The appointment made news around the world. Thomas Friedman of the New York Times called it a “big, big deal” and said it was as unlikely as Egypt appointing a Coptic Christian to be army chief of staff. Al Shabaab claim they are waging a religious war, purporting to kill only non-Muslims in Kenya yet in Somalia, every single day, they mow down innocent Muslims. Their propaganda will be slowed down by this appointment.

BRIGHT GUY

Besides, Maj Gen Ali is a bright guy. I have met him only once, for a long interview. It says much about the image of the Kenyan police force that throughout the session, I kept marvelling at how strange it was to meet such an intelligent cop.

One of the things that stood out is that Maj-Gen Ali understands that battling insecurity requires what specialists in the field call a “whole of society” approach. Not just guns. It needs deep reflection and introspection as to the root causes of crime. Why, he posed during the interview, does Kenya have more crimes per capita than neighbouring countries with the same demographics such as Uganda?

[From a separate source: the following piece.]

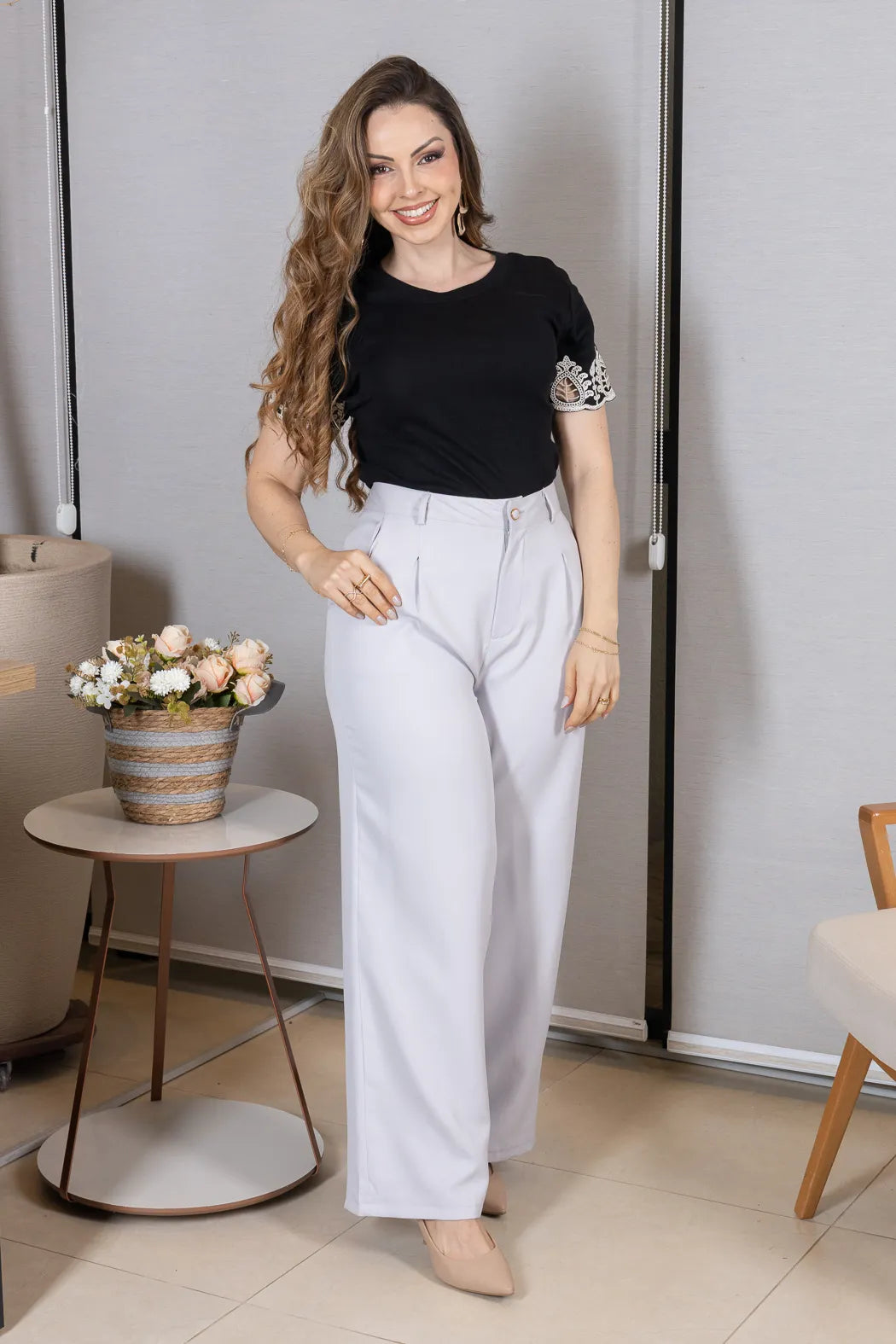 Conjunto: Blusa Manga Curta com Detalhe Bordado Vazado em Cotton Lycra Monique Preta + Calça Corte Reto em Alfaiataria com Botão Encapado e Bolso Assimétrico Yara Cinza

Those are problems policy makers must interrogate. In his own small perch at the police force, Maj-Gen Ali did his best to show that guns alone were not the answer. He launched a major construction effort to improve police housing. He gave officers more confidence than they had had for a long time. If a minister wanted their son freed, he demanded that they speak to the Officer Commanding Station, and not ask him to order officers around. He was his own man. Name another police chief who could stand up to a strong-willed minister like John Michuki and still retain the president’s backing.

The challenges Kenya faces are massive and require deep thinkers who can offer effective leadership to tackle them. Maj-Gen Joseph Nkaissery’s appointment is a good first step. Maj-Gen Hussein Ali’s nomination will be another important one. Kenya must call upon its best and brightest in this perilous hour. Who better?